The third wand is less apparent, but it fires a magical arrow that, when it collides with anything, produces a “giga death cross” (lmao) where it collides, effectively turning it into a 200 dmg airstrike, as shown by where I place the initial bolt. The second spell, the electrical super ball thing, has a high mana cost, similar to the giga death cross, so the wand only casts the giga death cross on touch until I run out of charges, after which it casts the super electric ball on contact. When you can’t change wands on the fly, this enables you to get the most out of your high-cost super spells.

The fourth wand was simply a shuffling wand that triple-cast the slimeballs with a decent firing rate in case I ran out of charges or mana on the other wands, but spoiler warning, I died before I had to use it.

END OF EDIT *****************************************************************************************************************************************************************************************************************************************************************************

Glow lances/large firebolts/magic missiles are excellent alternatives for spark bolts when they aren’t dealing enough damage; you simply have to be extra cautious. Those spells are just rarer, cost more mana, and have fewer applications.

This understanding of timed bolts may also be used to cloud of and circle of , which allow you to perform a self-cast spell similar to the clouds and circles but using it as a ranged spell. Trying with timed/triggered spells yields a lot of interesting results, so keep researching and experimenting.

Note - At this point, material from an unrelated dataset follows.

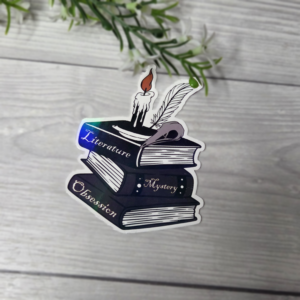 Dark Academia Reader | bookish | Holo Sticker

ThatOneFox is the author of this piece.

Noita is a game that allows players to create their own spells and wands. The noita wand tiers is a resource that will help you find out what tier your wand/spell is on.

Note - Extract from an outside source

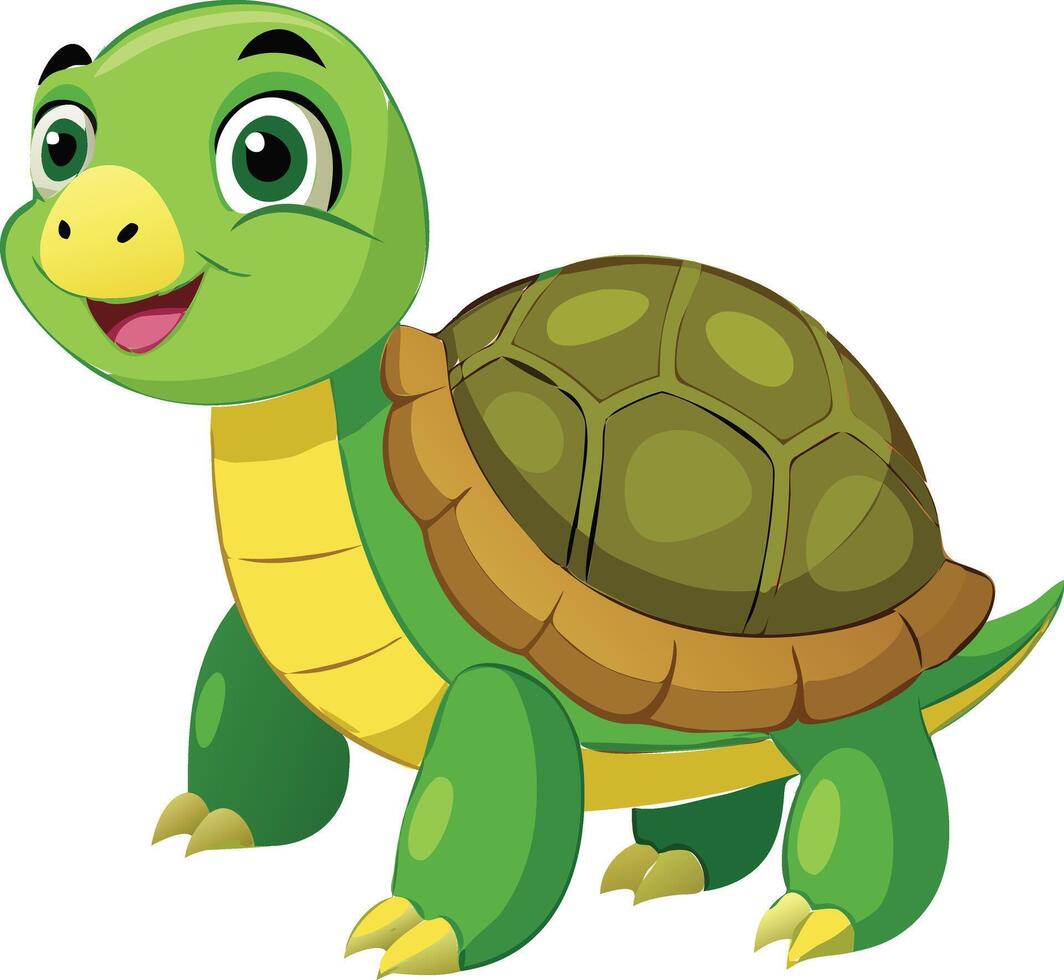 Serene Turtle Available on EPS File vector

Frequently Asked Questions

How do you add spells to Noita wands?

In order to add spells to your Noita wands, you will need to use a spell casting mod.

How do the wands work in Noita?

The wands are the primary way of interacting with Noita. They are used to select which color you want to paint your world in, and also for some other actions.

How do I know if my wand is good Noita?

You can check the quality of your wand by looking at the number of stars on the bottom. If it has a lot, then you are in good shape.